▶ TASK PROMPT
What is printed must match, line for line, the records from their first line through the line containing "Exploded schematic of", with pictures left out.

Scraped caption text data:
________________________________________

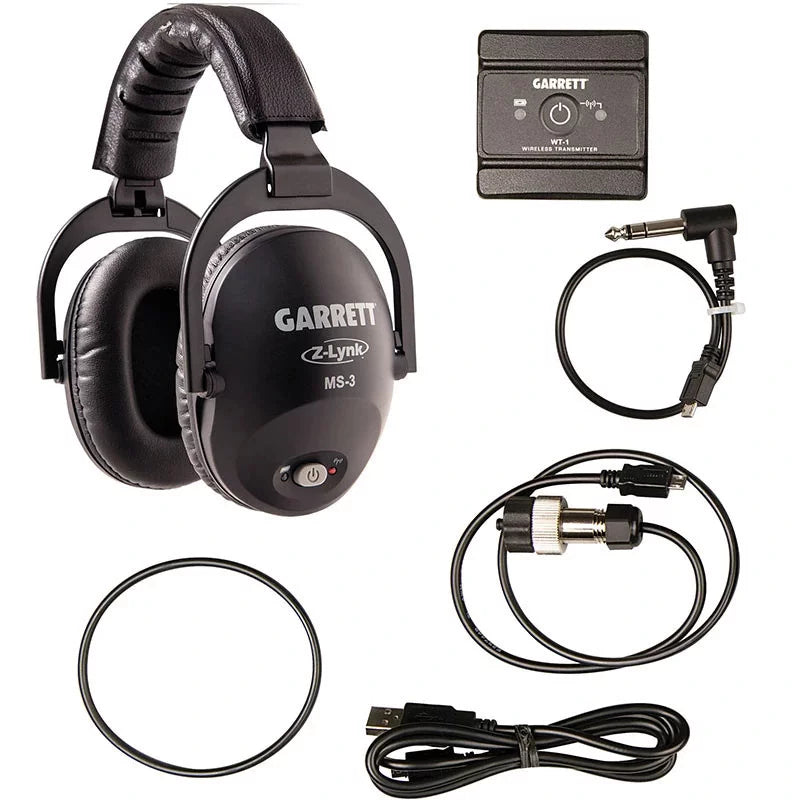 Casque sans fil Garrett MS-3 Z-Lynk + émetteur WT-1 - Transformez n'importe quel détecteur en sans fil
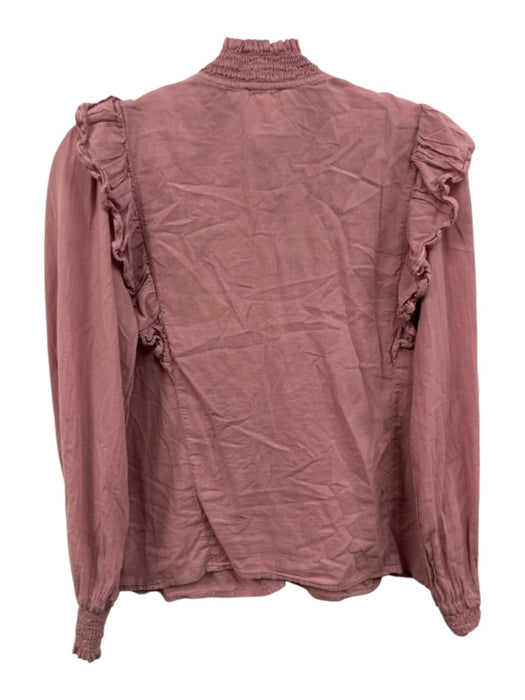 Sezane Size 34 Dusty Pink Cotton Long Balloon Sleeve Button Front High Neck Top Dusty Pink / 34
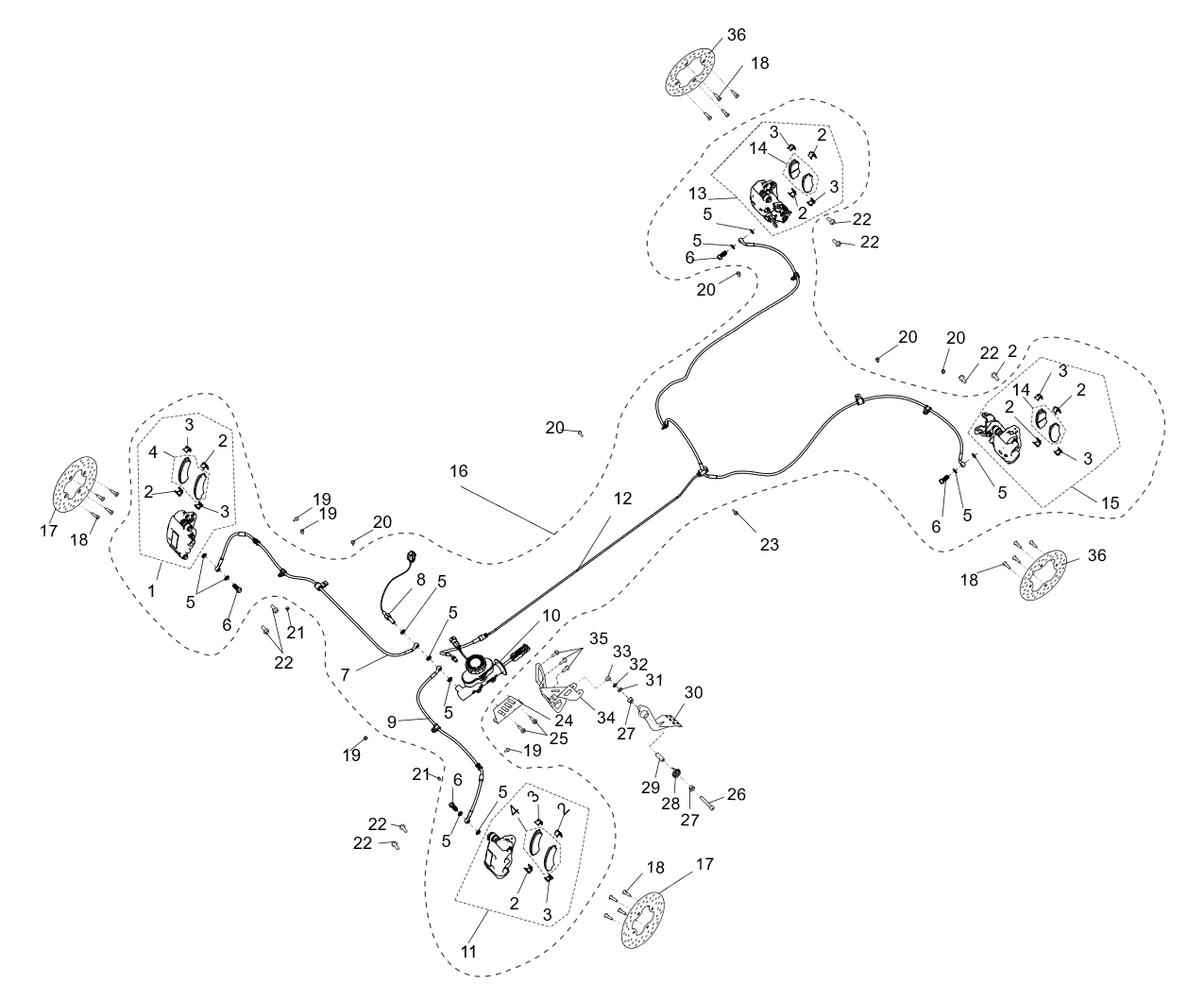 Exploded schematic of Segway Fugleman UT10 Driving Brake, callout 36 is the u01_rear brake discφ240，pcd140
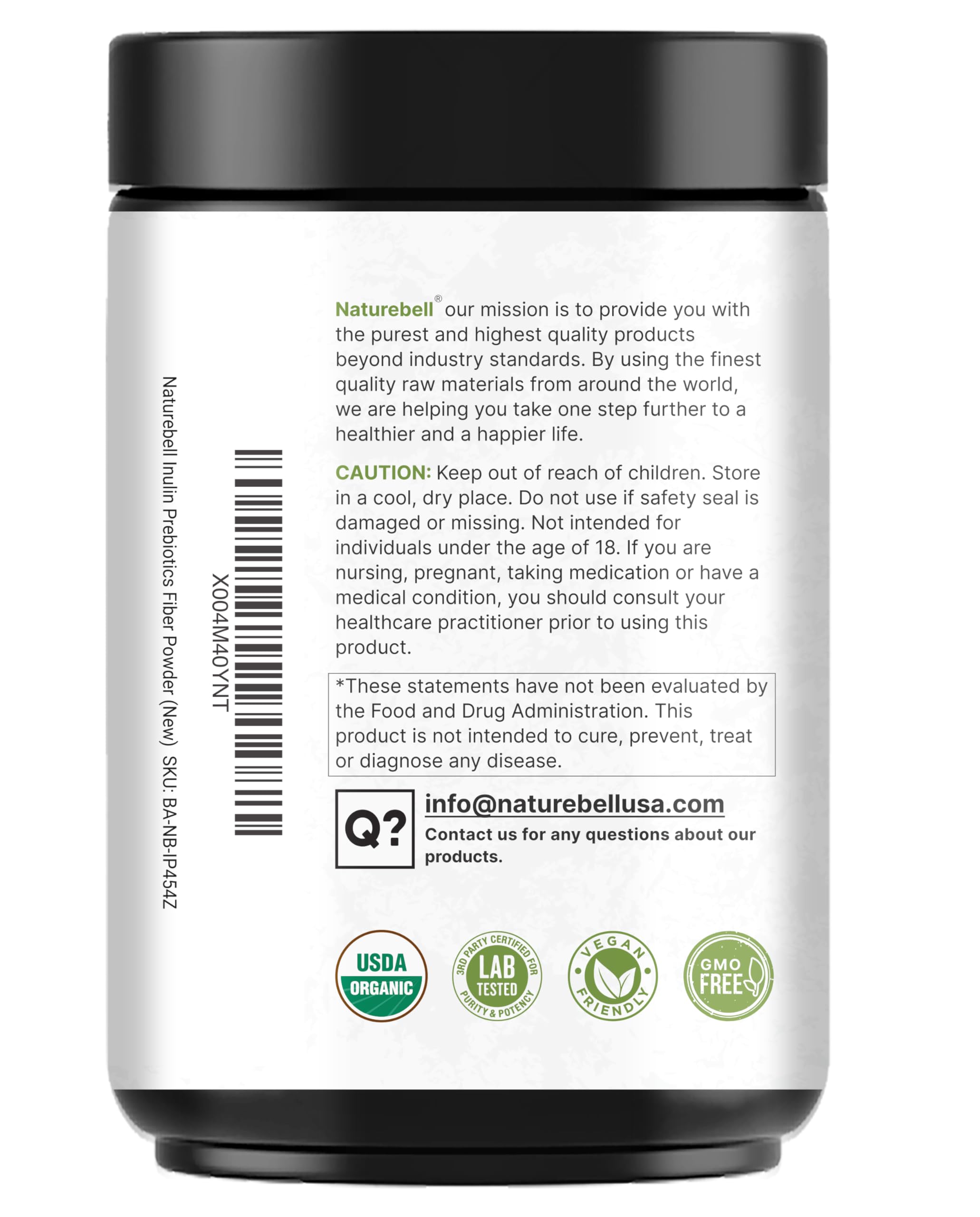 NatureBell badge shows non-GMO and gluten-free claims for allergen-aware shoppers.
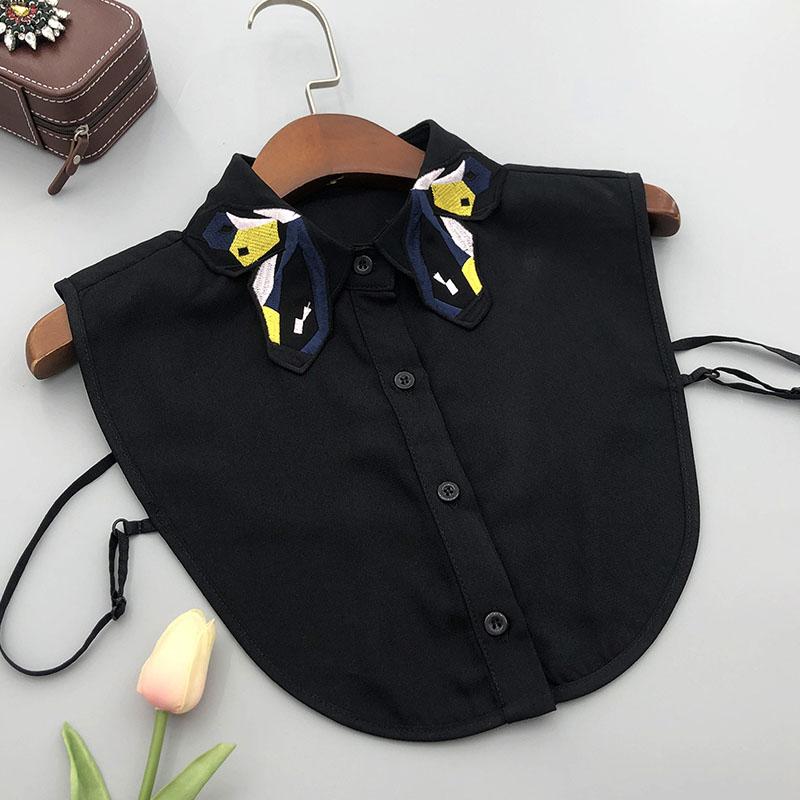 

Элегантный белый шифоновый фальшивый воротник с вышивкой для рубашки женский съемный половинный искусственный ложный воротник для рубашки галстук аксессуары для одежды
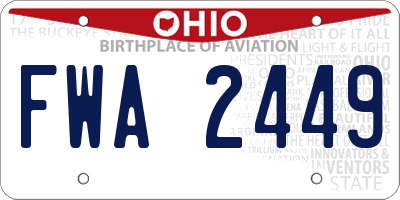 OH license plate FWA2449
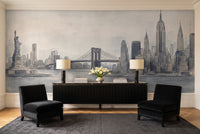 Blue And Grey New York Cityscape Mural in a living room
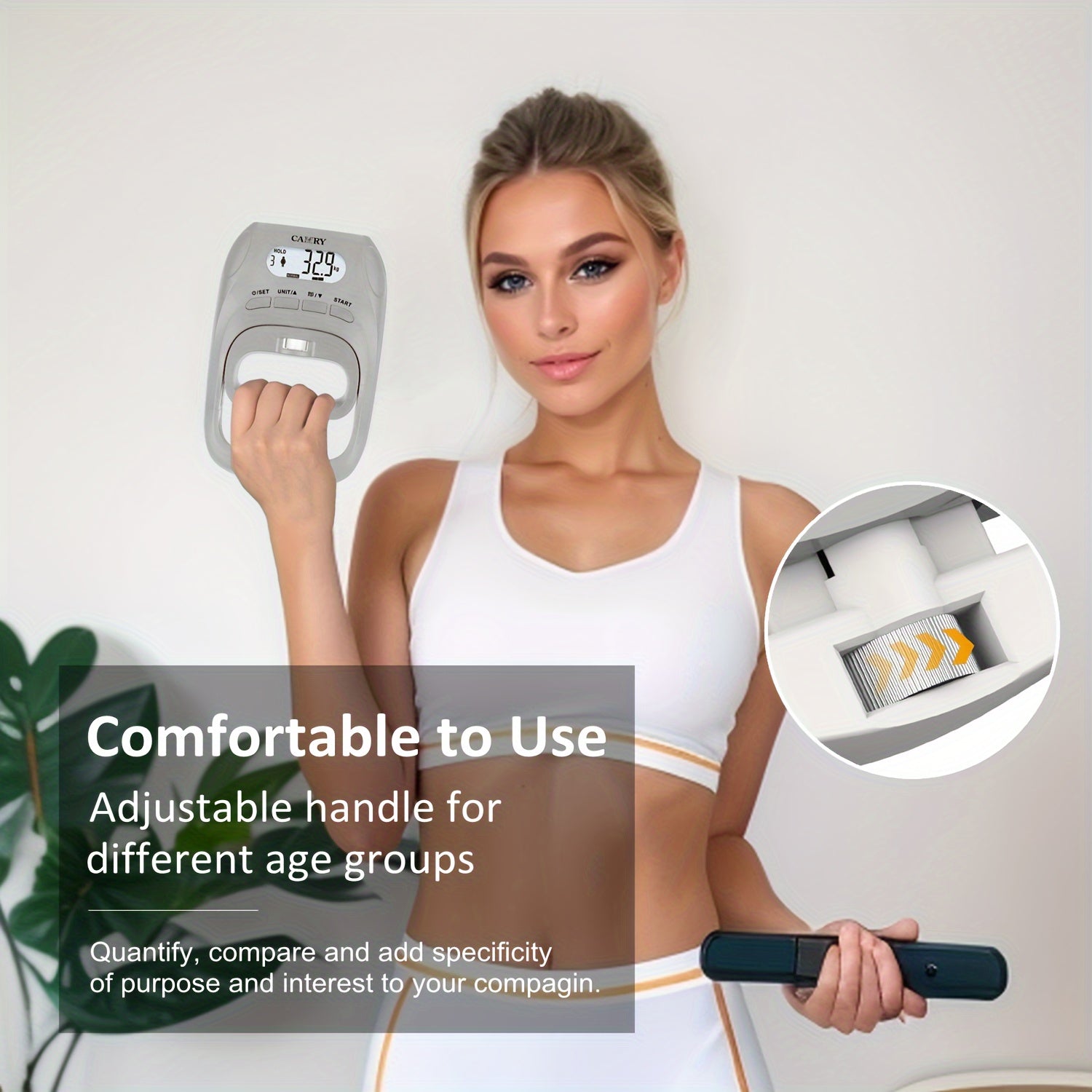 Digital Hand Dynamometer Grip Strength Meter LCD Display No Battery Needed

________________________________________

▶ RESPONSE
 Casque sans fil Garrett MS-3 Z-Lynk + émetteur WT-1 - Transformez n'importe quel détecteur en sans fil
 Sezane Size 34 Dusty Pink Cotton Long Balloon Sleeve Button Front High Neck Top Dusty Pink / 34
 Exploded schematic of Segway Fugleman UT10 Driving Brake, callout 36 is the u01_rear brake discφ240，pcd140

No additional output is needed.